Data for processing:
::::::::
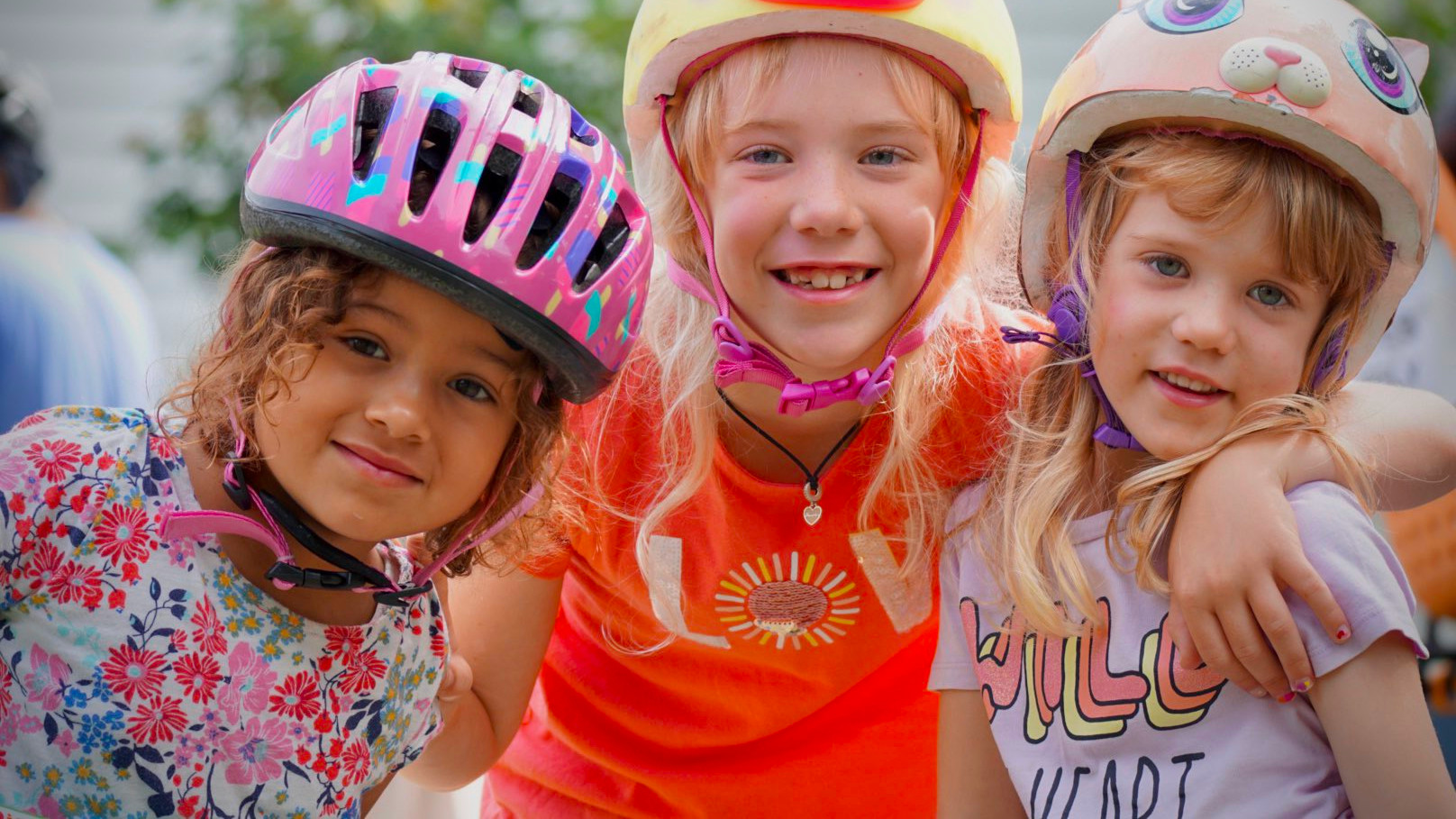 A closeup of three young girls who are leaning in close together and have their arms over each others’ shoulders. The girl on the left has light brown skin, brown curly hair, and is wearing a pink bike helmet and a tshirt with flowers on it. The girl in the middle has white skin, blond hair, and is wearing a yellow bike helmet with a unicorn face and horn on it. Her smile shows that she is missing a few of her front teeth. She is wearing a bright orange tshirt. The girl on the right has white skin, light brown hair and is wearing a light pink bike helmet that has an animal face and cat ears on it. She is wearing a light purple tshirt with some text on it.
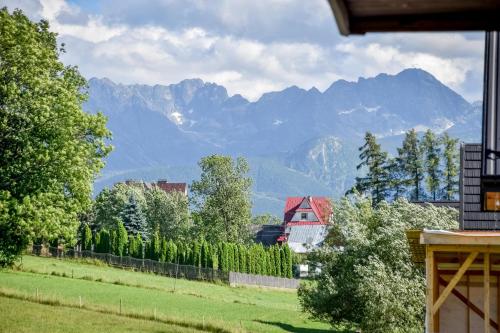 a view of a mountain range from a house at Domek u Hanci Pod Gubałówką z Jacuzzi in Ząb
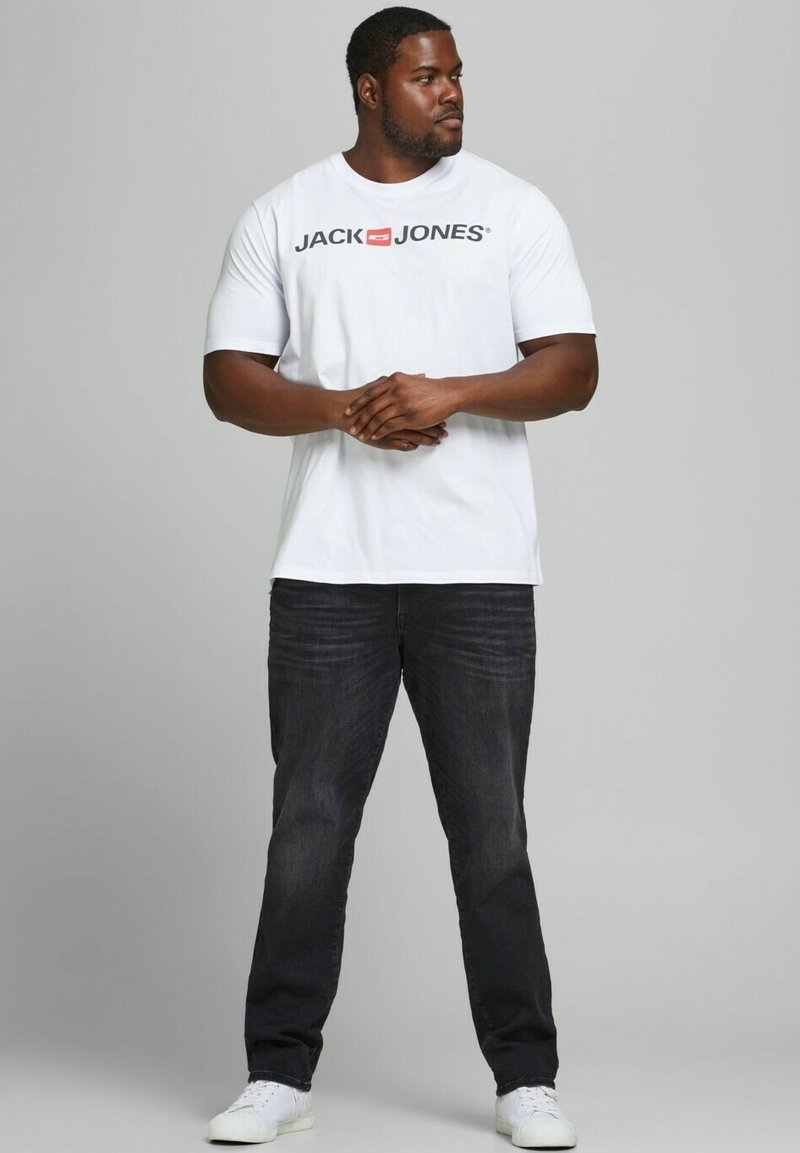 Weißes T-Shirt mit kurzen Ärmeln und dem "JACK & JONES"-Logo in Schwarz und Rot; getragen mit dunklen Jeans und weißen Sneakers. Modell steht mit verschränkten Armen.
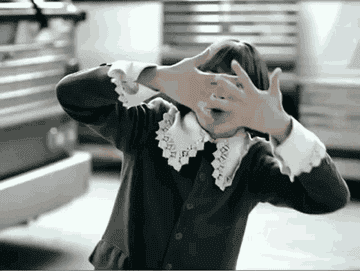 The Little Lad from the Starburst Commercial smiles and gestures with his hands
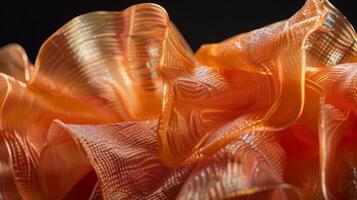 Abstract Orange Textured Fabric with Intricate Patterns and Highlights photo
::::::::
Your goal:
Your copy should hold only the lines from the line with "Weißes T-Shirt mit" through the end of the data above, both ends included, transcribed exactly and without pictures.

Answer section:
 Weißes T-Shirt mit kurzen Ärmeln und dem "JACK & JONES"-Logo in Schwarz und Rot; getragen mit dunklen Jeans und weißen Sneakers. Modell steht mit verschränkten Armen.
 The Little Lad from the Starburst Commercial smiles and gestures with his hands
 Abstract Orange Textured Fabric with Intricate Patterns and Highlights photo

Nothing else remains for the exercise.